En las negociaciones sobre cambio climático que acabaron en Cancún la semana pasada, estos dos actores se quitaron una espina. La diplomacia mexicana cosechó un éxito inesperado poniendo de acuerdo a la virtual totalidad de los países. La Unión Europea, abandonando el infructuoso protagonismo que quiso para sí en Copenhague, jugó una labor discreta y eficaz de limar asperezas e ir convenciendo a países. La otra gran ganadora es Naciones Unidas, que recupera con el acuerdo de Cancún un papel protagonista y demuestra que la perseverancia en mantener vivo el proceso a pesar de los fracasos sufridos sirve para que el cambio climático no desaparezca como prioridad para los actores locales e internacionales. El acuerdo alcanzado es ciertamente ambiguo y de mínimos. Pero, al final, Bolivia se quedó sola en su intento de bloquearlo, con argumentos ciertos (el acuerdo no va todo lo lejos que debiera) pero por razones mezquinas (legitimar su propia cumbre alternativa celebrada a principios de este año en Cochabamba), y quedó justamente aislada.

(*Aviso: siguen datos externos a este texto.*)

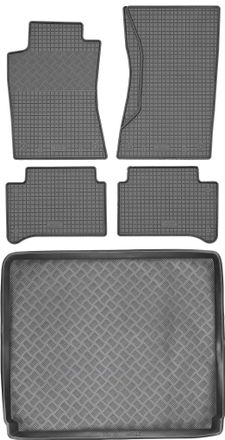 OEM Juego De Alfombrillas De Goma Para Coche Y Maletero Para Mercedes Clase E W211 Familiar (2003-2009)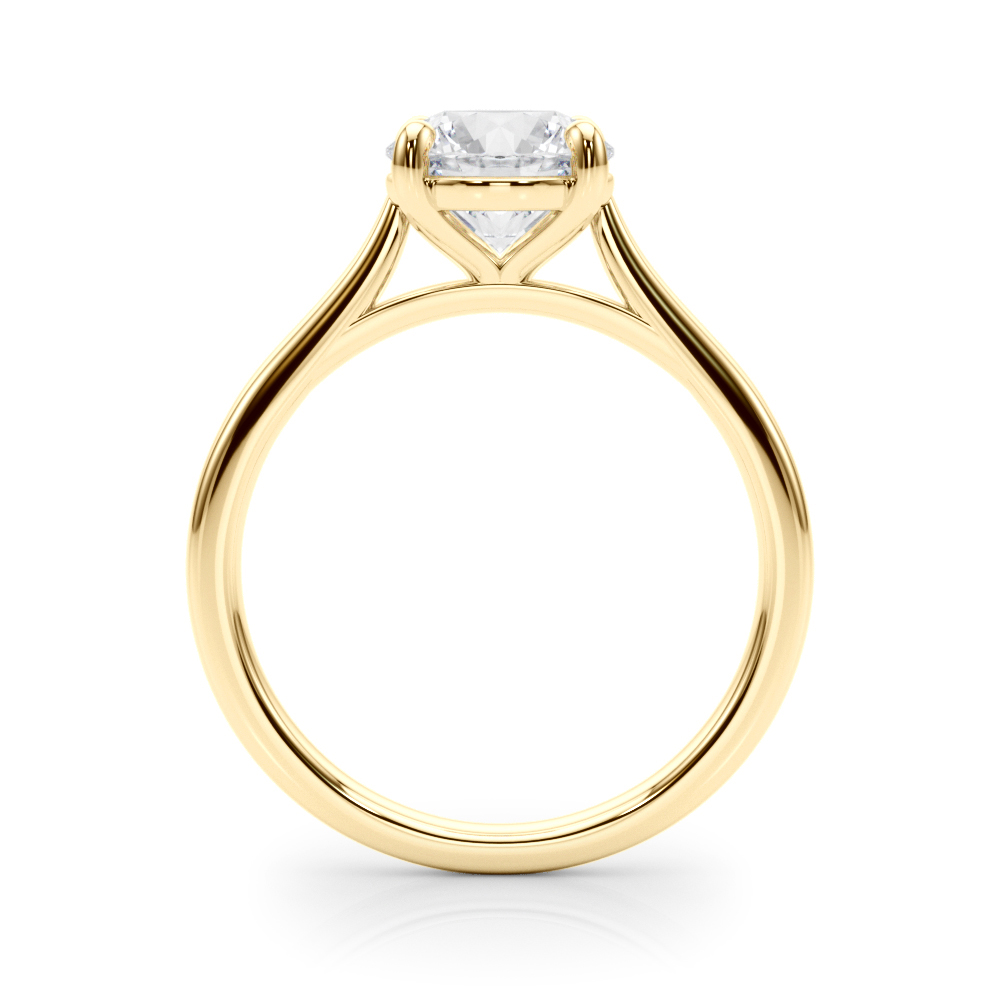 The Josephine Solitaire Engagement Ring, side view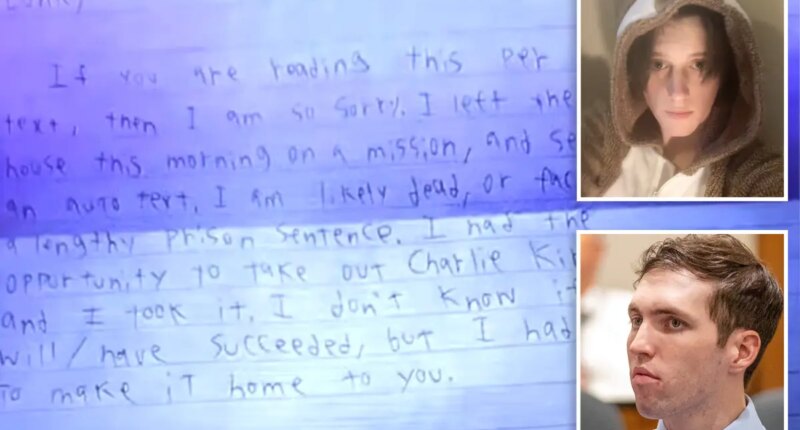 Redacted, heartfelt letter from Tyler Robinson to trans lover accidentally shown in court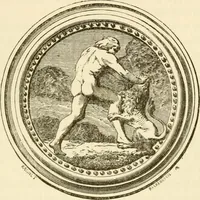 An illustration from Histoire des enseignes de Paris. Revue et publiée par le Bibliophile Jacob [pseud.] avec un appendice par J. Cousin.. (1884)
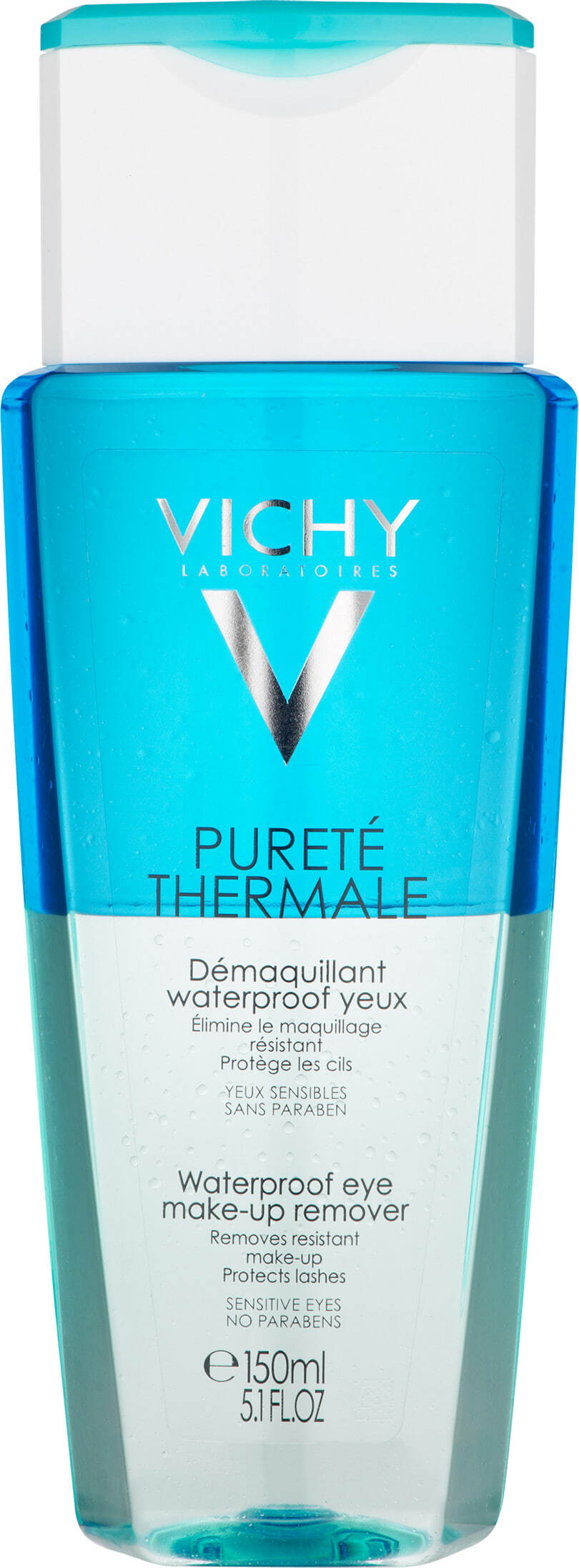 Dầu tẩy trang mắt và môi Vichy Purete Thermale Waterproof Eye Make-Up Remover 150ml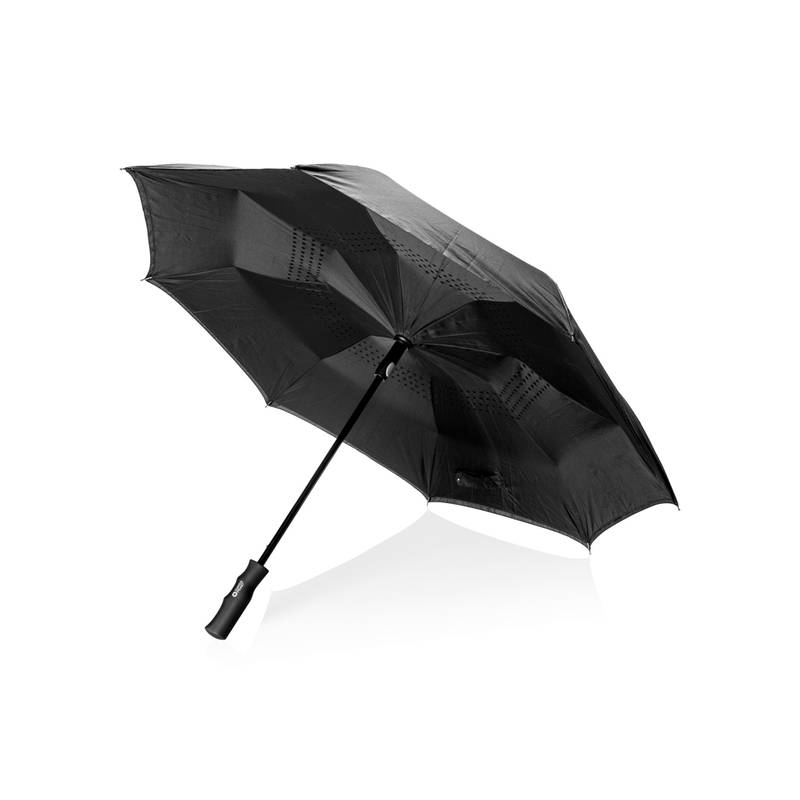 Automatický 23" reverzný dáždnik Swiss Peak, čierna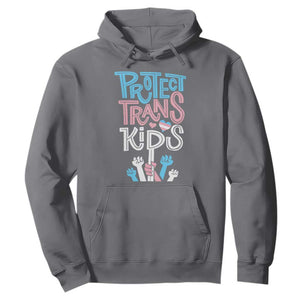 Protect Trans Kids Hoodie Transgender Pride Social Justice TS10 Charcoal Print Your Wear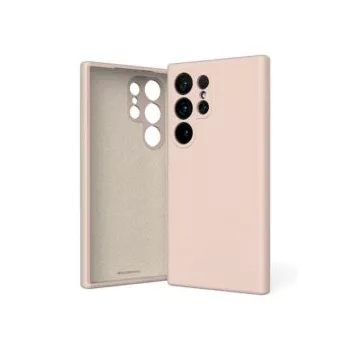   Mercury Goospery Silicone Samsung Galaxy S24 Ultra szilikon hátlap, tok, rózsaszín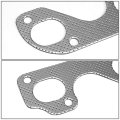 Aluminum Exhaust Manifold Header Gasket Set Compatible With 90-94 Ford Ranger Explorer Mazda Navajo B4000 4 0l V6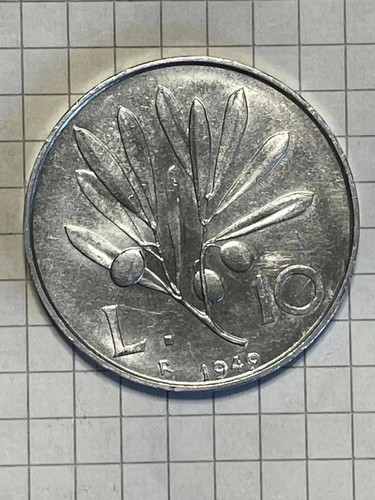 Moneta lire ulivo pegaso - -,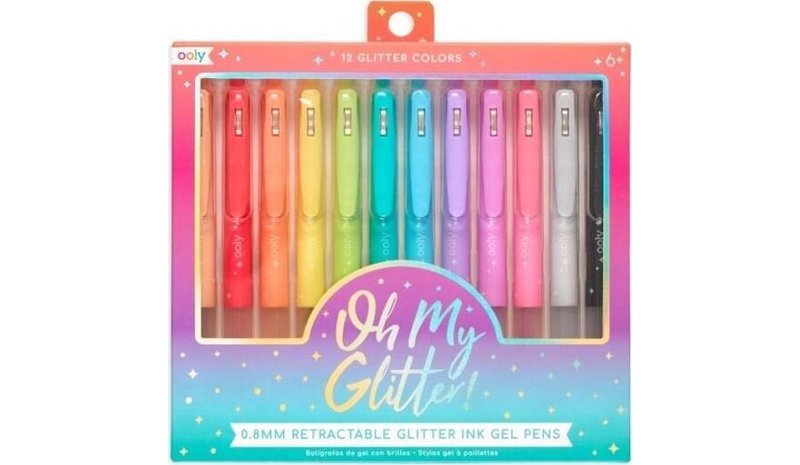 Ooly Ooly Gel Pen 12 Pcs - Glitter Oh My - Multi/patterned - ONE SIZE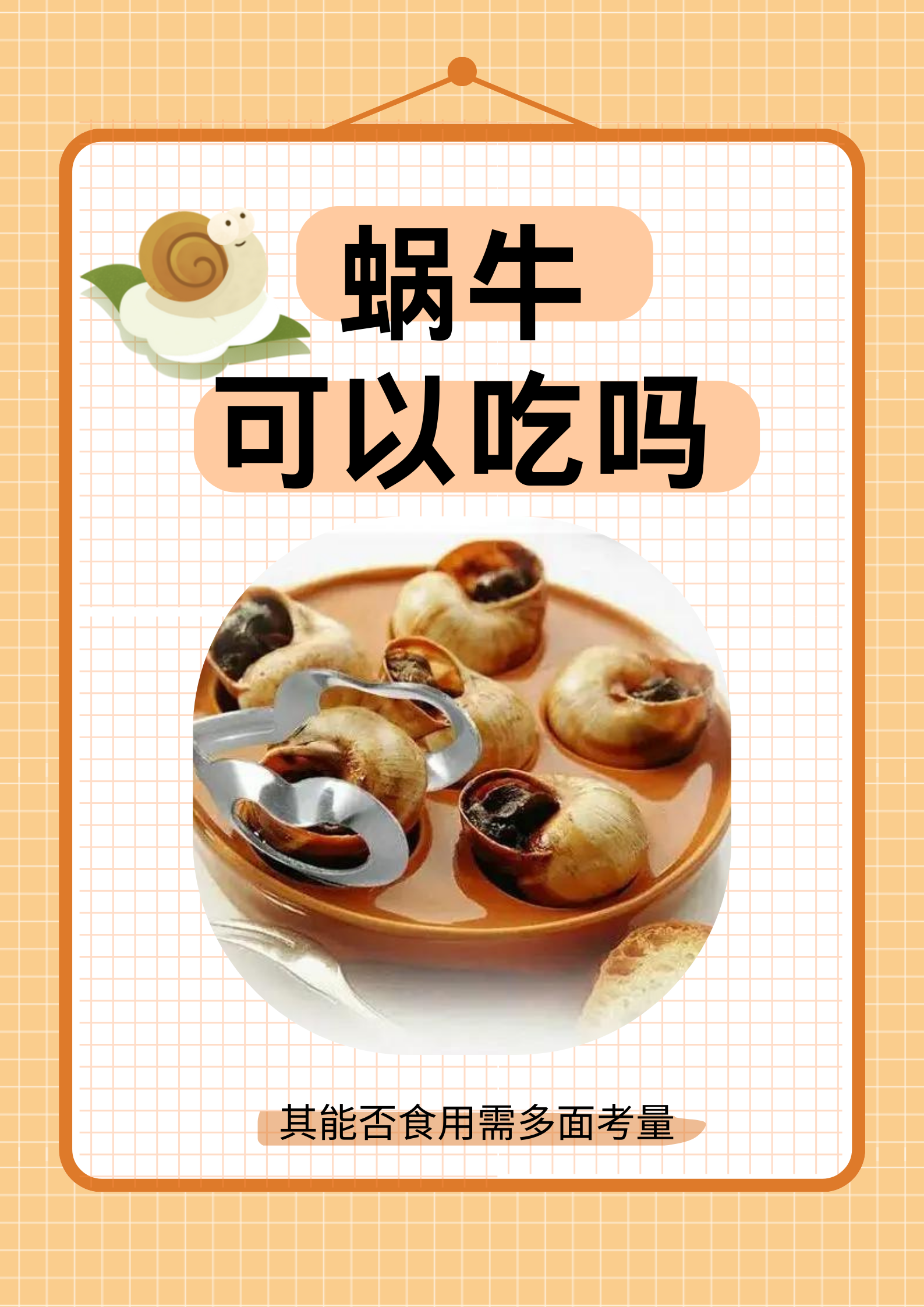 蜗牛可以吃吗  蜗牛在部分人的饮食中有所出现,但蜗牛是否能够被食用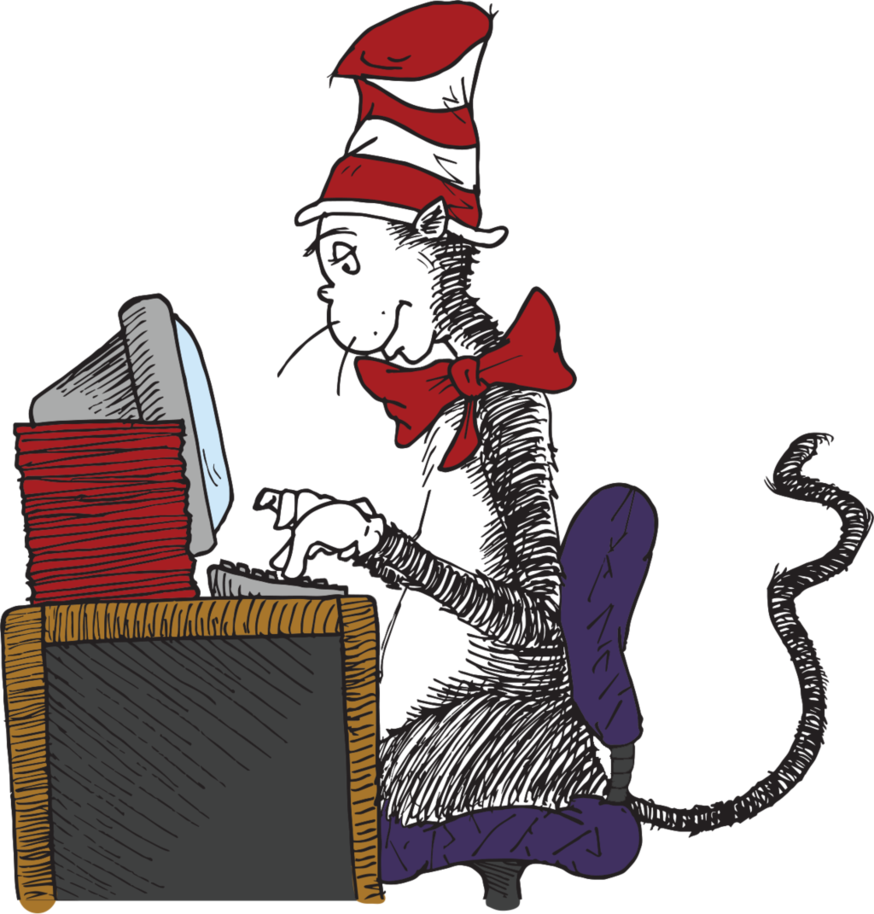 Cat In The Hat Charact - Cartoon (874x914)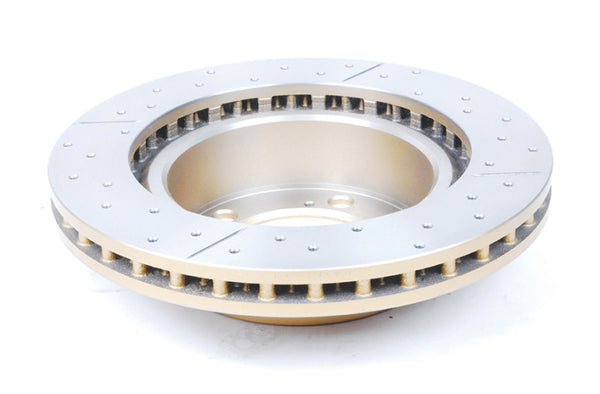 DBA 09-15 Toyota Landcruiser / 10-13 Lexus GX460 Front Drilled & Slotted Street Series Rotor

Cancún no es, ni de lejos, el acuerdo que cambiará el curso del cambio climático, aunque tal vez resulte un paso más eficaz que muchos de los que hemos visto hasta ahora. Copenhague parecía anunciar un nuevo entorno internacional en el que países grandes como continentes (Estados Unidos, Brasil, China, Rusia, India) se sentarían en una mesa para decidir por todos. Pero en Cancún se vio cómo diplomacias más discretas y dispuestas a trabajar por el bien común, acostumbradas a transigir y a ceder, pueden ser más eficaces en encontrar solución a los temas globales.

Los grandes problemas internacionales (económicos, ecológicos, de seguridad, de todo tipo) no se pueden resolver dejando de lado a las grandes potencias. Pero algunas de ellas tienen una enfermiza adicción a la soberanía: no es ninguna coincidencia, por ejemplo, que ni Estados Unidos, ni China, ni Rusia, ni India, sean firmantes del Estatuto del Tribunal Penal Internacional. Ceñirse a las reglas de todos no cabe en su autopercepción como potencias globales. Pero en un mundo con problemas compartidos, las únicas soluciones que pueden funcionar son las que imponen reglas comunes y limitan la capacidad de cada Estado y su soberanía. A orillas del Caribe la labor exitosa de la diplomacia mexicana nos ha recordado que el estilo propio de la UE, basado en las reglas y la negociación permanente, en buscar el consenso sin ceder al chantaje del veto, tiene mucho recorrido por delante. A eso, y no a intentar competir como una potencia al viejo estilo, debe consagrar sus energías la Unión Europea.